National park in Australia

Coalstoun Lakes is a national park in Queensland, Australia, 236 km northwest of Brisbane. It features a volcano, Mount Le Brun, which has two craters that contain intermittent crater lakes. Mount Le Brun is one of the youngest volcanic formations in Australia, although it was formed more than 600,000 years ago. Coalstoun Lakes is Queensland's smallest national park.

The average elevation of the terrain is 277 m.

The lakes were named by local pioneer, Nugent Wade Brown, in 1894. There are various theories as to the origin of the name.

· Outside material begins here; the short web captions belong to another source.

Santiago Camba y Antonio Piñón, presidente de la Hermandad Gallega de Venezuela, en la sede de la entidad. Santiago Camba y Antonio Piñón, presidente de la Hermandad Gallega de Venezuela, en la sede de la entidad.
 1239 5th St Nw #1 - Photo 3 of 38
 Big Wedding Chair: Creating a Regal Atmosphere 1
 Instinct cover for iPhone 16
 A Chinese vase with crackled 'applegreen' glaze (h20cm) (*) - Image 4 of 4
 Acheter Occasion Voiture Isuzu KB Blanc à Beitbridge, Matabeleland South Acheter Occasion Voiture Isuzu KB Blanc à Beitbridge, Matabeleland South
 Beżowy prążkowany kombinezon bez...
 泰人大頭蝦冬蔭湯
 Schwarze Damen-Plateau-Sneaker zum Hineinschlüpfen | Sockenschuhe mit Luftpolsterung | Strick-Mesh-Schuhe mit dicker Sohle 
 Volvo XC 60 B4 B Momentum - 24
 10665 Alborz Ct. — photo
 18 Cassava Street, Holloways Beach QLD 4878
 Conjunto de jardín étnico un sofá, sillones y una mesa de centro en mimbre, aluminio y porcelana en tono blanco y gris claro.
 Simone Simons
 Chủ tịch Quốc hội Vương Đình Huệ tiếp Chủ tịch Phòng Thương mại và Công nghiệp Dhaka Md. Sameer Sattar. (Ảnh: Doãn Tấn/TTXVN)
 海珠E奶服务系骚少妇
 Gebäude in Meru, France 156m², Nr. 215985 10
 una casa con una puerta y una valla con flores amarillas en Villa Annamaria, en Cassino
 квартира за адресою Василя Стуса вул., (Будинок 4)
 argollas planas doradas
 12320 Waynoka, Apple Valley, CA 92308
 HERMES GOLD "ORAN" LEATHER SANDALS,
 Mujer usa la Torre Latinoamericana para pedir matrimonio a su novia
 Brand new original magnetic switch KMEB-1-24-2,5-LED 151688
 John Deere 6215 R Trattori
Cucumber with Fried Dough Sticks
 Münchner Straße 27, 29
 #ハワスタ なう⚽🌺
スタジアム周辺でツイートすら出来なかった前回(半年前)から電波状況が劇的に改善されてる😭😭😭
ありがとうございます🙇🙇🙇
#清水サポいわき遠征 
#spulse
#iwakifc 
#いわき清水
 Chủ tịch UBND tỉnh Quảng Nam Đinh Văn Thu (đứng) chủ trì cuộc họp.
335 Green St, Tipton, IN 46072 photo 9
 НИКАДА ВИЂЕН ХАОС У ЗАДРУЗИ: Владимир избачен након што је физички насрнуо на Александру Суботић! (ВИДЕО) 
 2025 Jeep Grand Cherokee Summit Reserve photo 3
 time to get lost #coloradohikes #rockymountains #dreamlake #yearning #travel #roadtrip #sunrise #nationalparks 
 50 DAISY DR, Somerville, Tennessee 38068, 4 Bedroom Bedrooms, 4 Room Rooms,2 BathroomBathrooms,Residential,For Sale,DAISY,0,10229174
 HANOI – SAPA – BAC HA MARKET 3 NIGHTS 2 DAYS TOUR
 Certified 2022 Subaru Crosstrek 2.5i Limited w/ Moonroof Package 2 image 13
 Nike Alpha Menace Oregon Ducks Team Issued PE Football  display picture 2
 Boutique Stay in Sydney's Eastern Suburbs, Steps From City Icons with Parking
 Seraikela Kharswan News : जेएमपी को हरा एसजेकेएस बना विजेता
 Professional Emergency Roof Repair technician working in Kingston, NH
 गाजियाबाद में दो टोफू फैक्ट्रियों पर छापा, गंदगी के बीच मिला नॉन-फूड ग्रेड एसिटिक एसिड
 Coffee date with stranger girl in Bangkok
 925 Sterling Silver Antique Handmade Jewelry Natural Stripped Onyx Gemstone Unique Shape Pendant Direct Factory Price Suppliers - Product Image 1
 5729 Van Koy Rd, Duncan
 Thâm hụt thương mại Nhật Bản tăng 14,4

- One is that Coalstoun is the corruption of an Aboriginal word Goanalganai.
- Another theory is that the name 'Coalstoun' is a corruption of the word 'Colstoun'. Nugent Wade Brown's father, John Brown (1787–1860), emigrated to the Colony of New South Wales and established a property named Colstoun near what is now Gresford in the Hunter Valley in 1838.
- Colstoun was the ancestral home of the Brown family in Scotland. Colstoun is located south of Edinburgh and remains in the Brown family. According to Queensland Department of National Parks, Sport and Racing "The lakes were named after Coalstoun in Scotland by Wade Brun, manager of nearby Ban Ban Station." There is no doubt that Nugent Wade Brown and Wade Brun were the same person. His wife, Margaret Campbell-Antill, was an aunt of Major-General John Macquarie Antill.